[aired] Between Stations: Yellow Dog Blues Backstory

Enlightening walk-through by Mississippi writer Suzassippi with some fantastic photos of the actual location where the “Southern cross the dog” in W.C. Handy’s Yellow Dog Blues.

In 2014, the Disquiet Junto participated in an NPR Studio360 project to record modern versions of Handy’s track in honor of its 100th anniversary. My track, Between Stations, “won” the event, and I ended up on air with host Kurt Anderson and musician Marc Anthony Thompson.

The Blues makes us aware of how the universe perceives harmony through our ears. Its “source material” is not so much sadness, but a universal alienation. Everyone fears loneliness from different directions. Handy’s song says to me, “There’s no use for home where you always lose who you are,” which was the launch point for my recording. Suzassippi lends wonderful visual, grounded context to all the tracks she highlights, and quotes me at the end of her article.

via: Suzassippi

Back a number of years ago, I first read about where the Southern Cross the Dog in a Farm Bureau magazine quiz. I had never heard of it, and it was an intriguing story about the town of Moorhead and the junction of the old Southern Railway system and the “Yellow Dog”–commonly thought to mean the Yazoo Delta Railway.

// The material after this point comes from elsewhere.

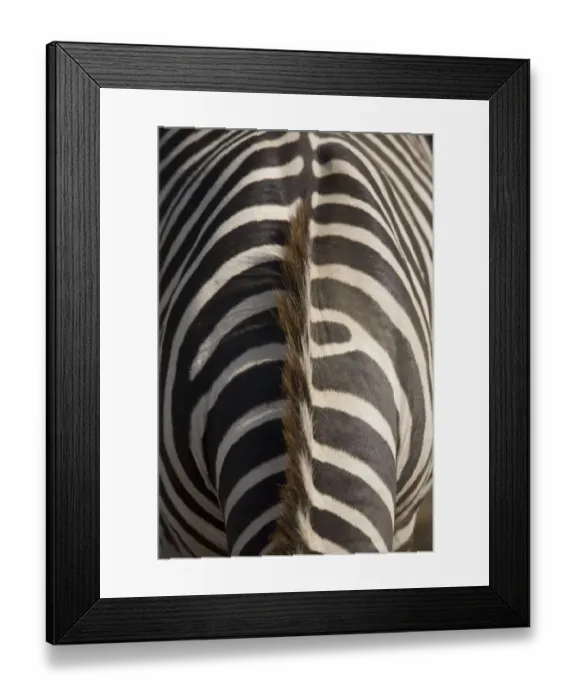Framed Print : Plains zebra (Equus Burchelli), close-up of patterned hide Framed Print : Plains zebra (Equus Burchelli), close-up of patterned hide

Winner: Westy Reflector cover of Yellow Dog Blues. Of it, the judge Marc Anthony Thompson said “I just wanted something that I really liked to listen to.” Westy Reflector said “no one in the story is in a fixed place” and “blues was never fully about composition as an end, but about a rich community of shared source material.”

My faves: All of which, “I just really liked to listen to.”

Ari Swan cover of Yellow Dog Blues.

The City of Light cover of Yellow Dog Blues. I liked that he repeats the refrain ‘Southern cross the dog’ as did the original Handy heard.

Addieville featuring Sara Murphy cover of Yellow Dog Blues.